* _EXERCISE OBJECTIVE_:
Lines from the one containing "Sapna Bhabhi Quenched" through the end of the listing are what is wanted, given again exactly with both ends included and pictures left out.

* _GIVEN INFORMATION_:
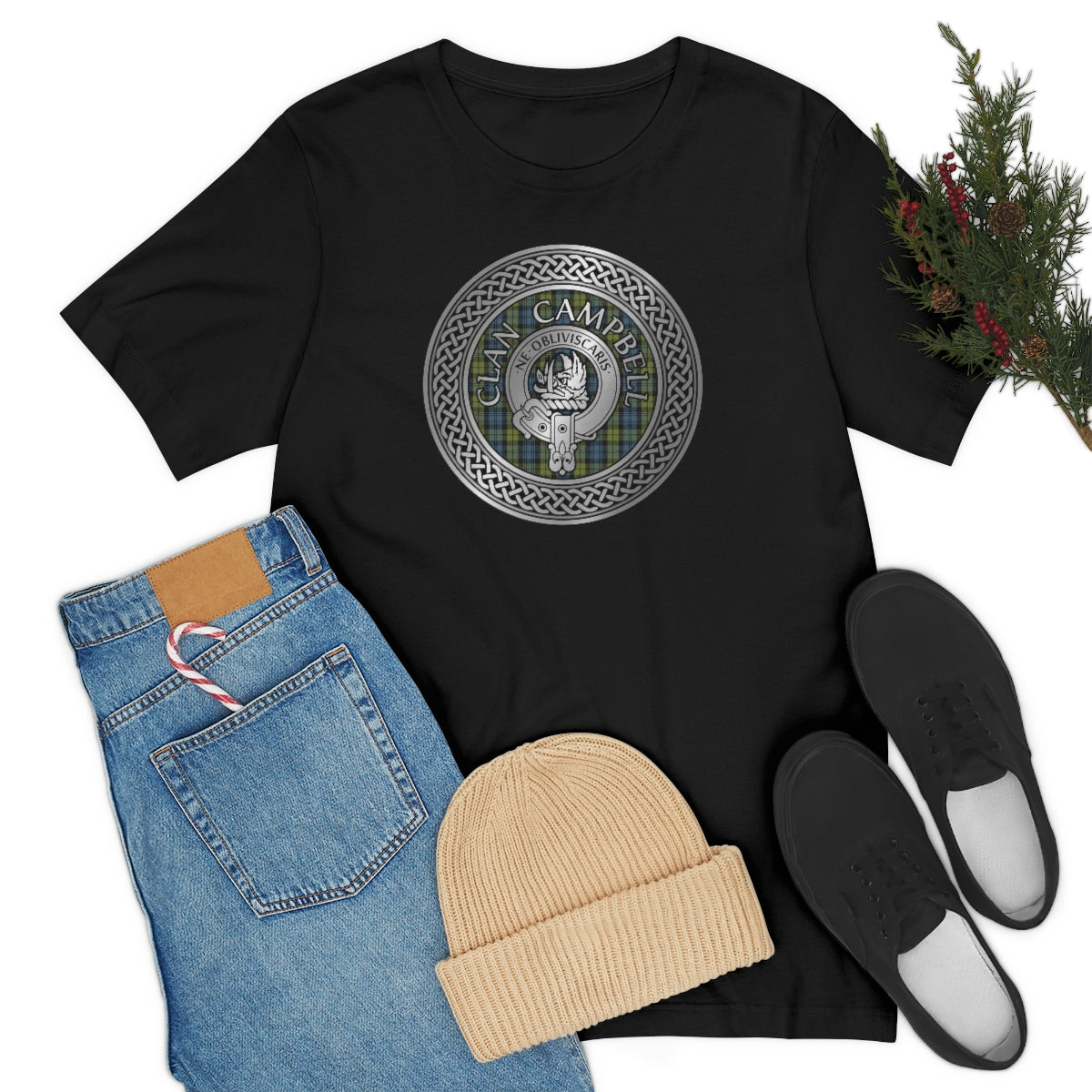 Clan Campbell Crest & Tartan in Celtic Knot T-Shirt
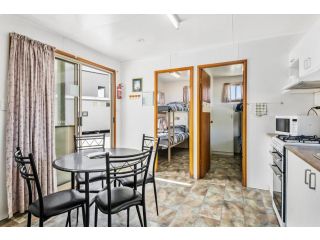 Rockâ€™s Retreat - cabin 1 (seal) Apartment, South Australia - 5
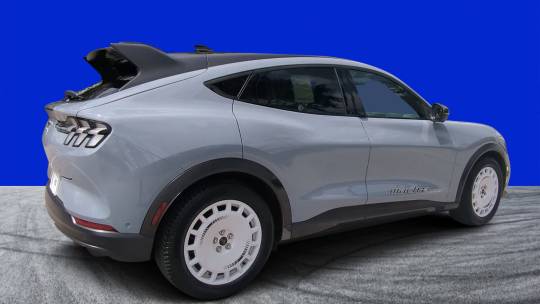 2024 Ford Mustang Mach-E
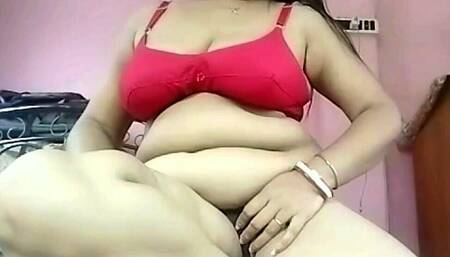 Sapna Bhabhi Quenched Her Thirst for Relief by Putting Her Fingers in Her Pussy - Poor Sapna Is Thirsty for Sex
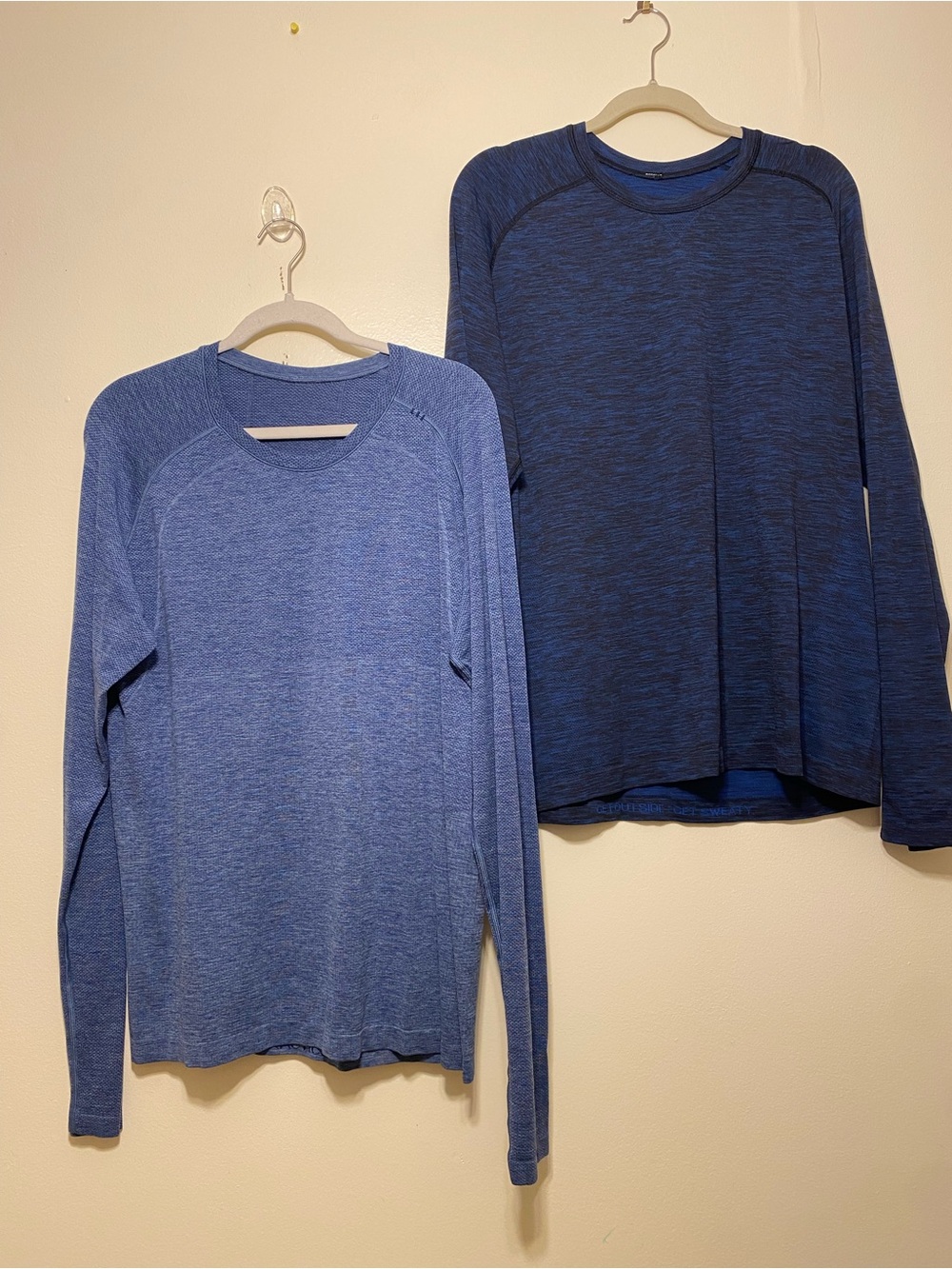 Lululemon athletica Set Men's Blue Crewneck Sport  Long Sleeve Top Size L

* _TASK SOLUTION_:
 Sapna Bhabhi Quenched Her Thirst for Relief by Putting Her Fingers in Her Pussy - Poor Sapna Is Thirsty for Sex
 Lululemon athletica Set Men's Blue Crewneck Sport  Long Sleeve Top Size L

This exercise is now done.